An Afghan man, who lost five members of his family in a missile attack, has launched legal proceedings against the Ministry of Defence and the Serious Organised Crime Agency (SOCA) seeking an explanation of Britain’s involvement “in the compilation, review and execution of the list and what form it takes”, The Guardian reported on Friday.

The list, officially known as the Joint Integrated Prioritised Target List (JIPTL), includes names of people that the coalition forces in Afghanistan have identified as targets for attacks.

A report of the U.S. Senate Committee on Foreign Relations said the military placed “no restrictions on the use of force with these selected targets, which means they can be killed or captured on the battlefield’’.

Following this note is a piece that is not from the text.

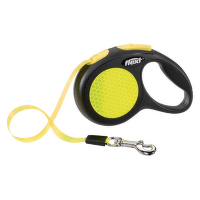 Vodítko Flexi Classic New Neon páska XS 3m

Habib Rahman, a bank employee who is suing the British Government, lost two brothers, two uncles and his father-in-law in an attack on September 2, 2010 when they were campaigning for his cousin Abdul Wahab Khorasani, a former parliamentary candidate, in the Rustaq district of Takhar province.

NATO officials said at the time the attack was “a precision air strike” which killed or injured “eight to 12 insurgents”, including a Taliban commander.

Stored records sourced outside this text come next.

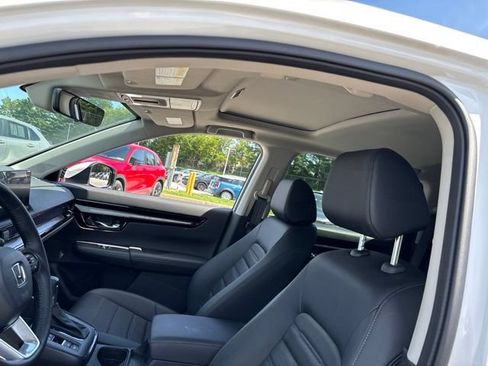 Used 2026 Honda CR-V EX-L image 9
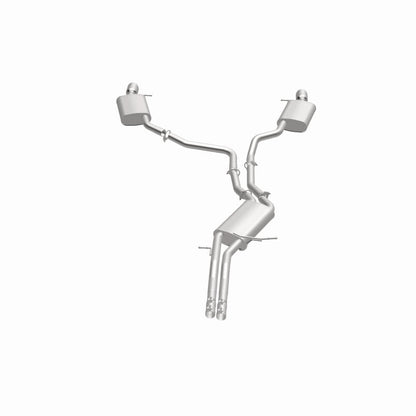 BRExhaust 12-15 Audi A6 Quattro A7 Quattro 3L Exhaust Kit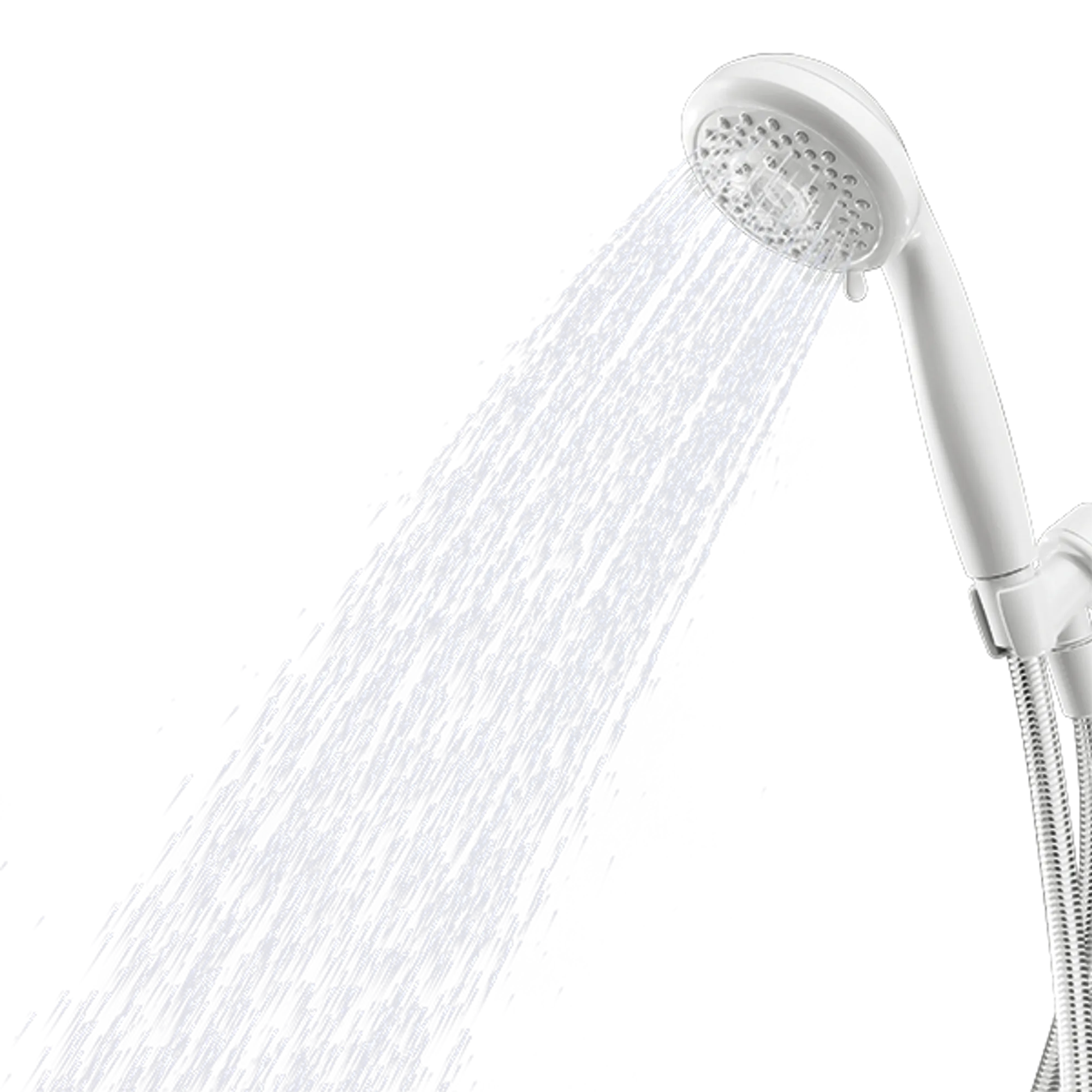 Adler Eight-function 4" Handheld Shower - Image 5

According to Mr. Rahman’s lawyers, an investigation by the Afghanistan Analysts Network provides “powerful evidence” that his relatives were victims of mistaken targeting. They want to know whether such attacks were in breach of international law.

“We need to know whether the rule of law is being followed and that safeguards are in place to prevent what could be clear breaches of international law,” said Rosa Curling from the solicitors’ firm acting for Mr. Rahman.

She said her client's case suggested that “the establishment and maintenance of the ‘kill list’ is not in line with the U.K.’s duties under international humanitarian law’’.

SOCA and the Ministry of Defence insisted that they worked “strictly within the bounds of international law’’.